[AVAILABLE DATA — start]

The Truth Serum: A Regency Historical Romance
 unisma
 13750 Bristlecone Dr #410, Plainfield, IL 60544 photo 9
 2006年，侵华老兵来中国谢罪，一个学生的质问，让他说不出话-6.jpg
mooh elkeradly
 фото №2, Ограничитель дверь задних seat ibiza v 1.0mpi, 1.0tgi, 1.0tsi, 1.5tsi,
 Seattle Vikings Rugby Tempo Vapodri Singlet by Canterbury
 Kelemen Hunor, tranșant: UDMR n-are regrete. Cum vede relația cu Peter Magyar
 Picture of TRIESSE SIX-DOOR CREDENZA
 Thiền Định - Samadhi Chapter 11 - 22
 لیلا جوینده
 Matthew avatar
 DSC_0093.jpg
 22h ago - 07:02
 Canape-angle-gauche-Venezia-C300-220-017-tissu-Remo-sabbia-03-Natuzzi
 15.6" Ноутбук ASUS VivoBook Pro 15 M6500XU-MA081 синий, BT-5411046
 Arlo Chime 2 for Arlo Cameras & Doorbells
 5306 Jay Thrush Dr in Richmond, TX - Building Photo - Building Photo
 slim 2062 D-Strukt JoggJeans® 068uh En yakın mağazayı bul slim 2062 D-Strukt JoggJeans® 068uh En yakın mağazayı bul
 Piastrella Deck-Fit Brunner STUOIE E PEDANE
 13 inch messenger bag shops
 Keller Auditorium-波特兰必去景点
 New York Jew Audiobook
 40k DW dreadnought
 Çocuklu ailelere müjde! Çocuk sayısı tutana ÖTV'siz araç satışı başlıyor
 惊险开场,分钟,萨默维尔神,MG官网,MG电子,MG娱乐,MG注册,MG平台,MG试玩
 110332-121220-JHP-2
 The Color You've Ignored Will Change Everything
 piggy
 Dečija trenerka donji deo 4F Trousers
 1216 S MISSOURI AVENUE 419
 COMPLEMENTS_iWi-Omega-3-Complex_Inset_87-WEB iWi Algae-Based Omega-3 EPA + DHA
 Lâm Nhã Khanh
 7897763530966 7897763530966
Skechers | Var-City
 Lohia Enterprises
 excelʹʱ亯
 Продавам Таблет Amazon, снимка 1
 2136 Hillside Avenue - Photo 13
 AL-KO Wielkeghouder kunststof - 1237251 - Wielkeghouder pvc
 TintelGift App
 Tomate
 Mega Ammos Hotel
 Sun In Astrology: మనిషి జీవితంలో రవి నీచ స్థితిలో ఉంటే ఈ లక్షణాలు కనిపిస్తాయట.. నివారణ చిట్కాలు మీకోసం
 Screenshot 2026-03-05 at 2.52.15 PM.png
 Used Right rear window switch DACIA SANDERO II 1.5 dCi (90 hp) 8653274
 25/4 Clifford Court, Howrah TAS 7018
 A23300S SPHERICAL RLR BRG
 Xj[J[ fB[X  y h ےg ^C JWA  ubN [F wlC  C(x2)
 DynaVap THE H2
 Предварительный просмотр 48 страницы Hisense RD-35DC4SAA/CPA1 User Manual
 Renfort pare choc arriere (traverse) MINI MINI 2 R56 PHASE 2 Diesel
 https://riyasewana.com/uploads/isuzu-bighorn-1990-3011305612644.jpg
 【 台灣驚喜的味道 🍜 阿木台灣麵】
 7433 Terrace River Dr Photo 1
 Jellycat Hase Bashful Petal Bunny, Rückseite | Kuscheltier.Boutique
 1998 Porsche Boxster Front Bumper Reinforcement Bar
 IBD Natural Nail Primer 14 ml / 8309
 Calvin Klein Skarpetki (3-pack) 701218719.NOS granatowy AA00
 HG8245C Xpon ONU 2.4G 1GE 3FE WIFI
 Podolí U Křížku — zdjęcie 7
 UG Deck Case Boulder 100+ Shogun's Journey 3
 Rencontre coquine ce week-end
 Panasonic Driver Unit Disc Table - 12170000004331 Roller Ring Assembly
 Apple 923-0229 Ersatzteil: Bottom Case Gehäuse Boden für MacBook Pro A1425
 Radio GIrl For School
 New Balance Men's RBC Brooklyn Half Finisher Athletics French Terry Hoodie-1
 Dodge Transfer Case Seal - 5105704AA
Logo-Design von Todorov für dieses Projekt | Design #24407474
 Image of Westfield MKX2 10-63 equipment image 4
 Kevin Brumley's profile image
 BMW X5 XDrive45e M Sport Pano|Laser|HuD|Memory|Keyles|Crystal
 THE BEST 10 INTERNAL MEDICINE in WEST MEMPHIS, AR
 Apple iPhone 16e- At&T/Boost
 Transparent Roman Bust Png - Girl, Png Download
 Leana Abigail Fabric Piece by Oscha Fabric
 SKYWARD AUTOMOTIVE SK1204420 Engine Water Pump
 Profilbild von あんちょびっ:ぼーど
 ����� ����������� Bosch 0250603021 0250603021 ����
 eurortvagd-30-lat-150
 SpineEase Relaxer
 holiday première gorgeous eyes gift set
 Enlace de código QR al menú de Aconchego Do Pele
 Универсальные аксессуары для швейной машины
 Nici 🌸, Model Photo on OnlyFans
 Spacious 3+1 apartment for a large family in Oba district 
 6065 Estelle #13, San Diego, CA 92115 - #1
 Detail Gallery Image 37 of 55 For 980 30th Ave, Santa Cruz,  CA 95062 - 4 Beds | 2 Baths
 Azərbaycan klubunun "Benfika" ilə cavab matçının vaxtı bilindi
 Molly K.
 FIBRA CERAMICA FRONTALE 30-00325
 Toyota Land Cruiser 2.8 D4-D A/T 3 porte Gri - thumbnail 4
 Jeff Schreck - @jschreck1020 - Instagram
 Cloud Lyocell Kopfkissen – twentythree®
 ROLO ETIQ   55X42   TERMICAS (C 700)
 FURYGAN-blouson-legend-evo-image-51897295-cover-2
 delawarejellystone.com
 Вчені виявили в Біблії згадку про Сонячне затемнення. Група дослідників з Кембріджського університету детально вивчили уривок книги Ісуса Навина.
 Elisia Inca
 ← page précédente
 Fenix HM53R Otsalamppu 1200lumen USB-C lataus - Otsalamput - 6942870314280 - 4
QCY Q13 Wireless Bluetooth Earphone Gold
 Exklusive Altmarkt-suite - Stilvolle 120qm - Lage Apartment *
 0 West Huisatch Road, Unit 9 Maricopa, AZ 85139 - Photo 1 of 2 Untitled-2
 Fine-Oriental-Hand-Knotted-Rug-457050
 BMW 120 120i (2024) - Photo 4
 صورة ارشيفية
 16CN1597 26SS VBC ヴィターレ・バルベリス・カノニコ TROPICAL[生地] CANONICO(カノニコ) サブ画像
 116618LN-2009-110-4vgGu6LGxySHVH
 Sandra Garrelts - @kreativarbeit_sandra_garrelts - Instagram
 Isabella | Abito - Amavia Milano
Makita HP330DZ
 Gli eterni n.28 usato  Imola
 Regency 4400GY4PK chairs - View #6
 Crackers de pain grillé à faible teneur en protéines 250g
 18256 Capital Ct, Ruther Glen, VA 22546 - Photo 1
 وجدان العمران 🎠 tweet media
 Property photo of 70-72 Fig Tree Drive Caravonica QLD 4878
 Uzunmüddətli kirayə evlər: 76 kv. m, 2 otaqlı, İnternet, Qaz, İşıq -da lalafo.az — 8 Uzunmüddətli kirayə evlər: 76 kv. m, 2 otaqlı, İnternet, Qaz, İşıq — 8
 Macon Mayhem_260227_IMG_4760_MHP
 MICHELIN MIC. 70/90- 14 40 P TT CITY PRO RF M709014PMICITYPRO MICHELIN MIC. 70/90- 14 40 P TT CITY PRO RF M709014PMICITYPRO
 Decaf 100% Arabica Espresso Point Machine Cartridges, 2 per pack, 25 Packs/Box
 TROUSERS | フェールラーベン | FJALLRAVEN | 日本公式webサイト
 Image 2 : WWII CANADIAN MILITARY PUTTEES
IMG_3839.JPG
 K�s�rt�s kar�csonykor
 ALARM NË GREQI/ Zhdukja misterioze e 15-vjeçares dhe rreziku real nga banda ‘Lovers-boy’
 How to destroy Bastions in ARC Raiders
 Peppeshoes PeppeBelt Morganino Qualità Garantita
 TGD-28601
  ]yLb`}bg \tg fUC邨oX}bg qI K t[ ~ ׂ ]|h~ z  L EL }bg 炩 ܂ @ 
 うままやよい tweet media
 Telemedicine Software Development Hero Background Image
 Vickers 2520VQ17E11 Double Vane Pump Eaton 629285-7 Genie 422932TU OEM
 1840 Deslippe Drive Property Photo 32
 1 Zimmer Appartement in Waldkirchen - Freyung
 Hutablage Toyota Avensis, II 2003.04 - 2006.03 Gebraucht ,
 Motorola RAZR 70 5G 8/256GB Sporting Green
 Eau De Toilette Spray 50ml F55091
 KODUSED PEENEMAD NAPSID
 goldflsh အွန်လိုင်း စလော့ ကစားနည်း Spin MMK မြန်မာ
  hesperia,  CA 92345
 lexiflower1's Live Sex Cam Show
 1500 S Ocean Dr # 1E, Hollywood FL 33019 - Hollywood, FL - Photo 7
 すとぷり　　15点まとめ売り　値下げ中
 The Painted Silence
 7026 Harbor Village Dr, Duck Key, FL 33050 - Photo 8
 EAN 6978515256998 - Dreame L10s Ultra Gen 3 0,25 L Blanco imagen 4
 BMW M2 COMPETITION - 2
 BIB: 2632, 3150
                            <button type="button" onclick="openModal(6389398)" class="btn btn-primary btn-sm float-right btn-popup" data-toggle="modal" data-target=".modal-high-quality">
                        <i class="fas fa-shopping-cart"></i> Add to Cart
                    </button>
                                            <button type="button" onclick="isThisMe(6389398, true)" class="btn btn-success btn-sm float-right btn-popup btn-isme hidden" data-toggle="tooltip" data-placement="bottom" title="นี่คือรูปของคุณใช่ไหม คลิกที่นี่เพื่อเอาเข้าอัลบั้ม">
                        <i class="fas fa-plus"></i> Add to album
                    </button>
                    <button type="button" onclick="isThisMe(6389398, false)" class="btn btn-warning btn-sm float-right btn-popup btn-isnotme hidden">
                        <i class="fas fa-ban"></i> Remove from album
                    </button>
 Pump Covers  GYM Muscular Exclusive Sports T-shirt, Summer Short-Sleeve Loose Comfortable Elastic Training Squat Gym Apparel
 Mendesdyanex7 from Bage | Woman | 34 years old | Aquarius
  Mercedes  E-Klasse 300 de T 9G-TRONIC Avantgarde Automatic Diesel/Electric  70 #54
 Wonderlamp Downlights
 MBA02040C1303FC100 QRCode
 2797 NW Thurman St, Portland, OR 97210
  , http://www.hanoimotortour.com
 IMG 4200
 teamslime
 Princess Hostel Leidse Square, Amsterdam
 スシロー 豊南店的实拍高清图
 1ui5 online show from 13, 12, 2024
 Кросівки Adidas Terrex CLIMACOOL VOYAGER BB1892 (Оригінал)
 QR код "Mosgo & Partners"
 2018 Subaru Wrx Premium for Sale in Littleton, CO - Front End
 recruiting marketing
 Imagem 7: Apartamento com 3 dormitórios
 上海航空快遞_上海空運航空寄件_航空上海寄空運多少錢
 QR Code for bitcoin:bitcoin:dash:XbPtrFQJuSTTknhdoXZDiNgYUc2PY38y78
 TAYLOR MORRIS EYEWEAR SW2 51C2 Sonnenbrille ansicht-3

[AVAILABLE DATA — finish]

== WORK INSTRUCTIONS ==
Go through the listing above, count the lines that contain "from", and state that number alone.

== RESULT FOR THIS EXERCISE ==
3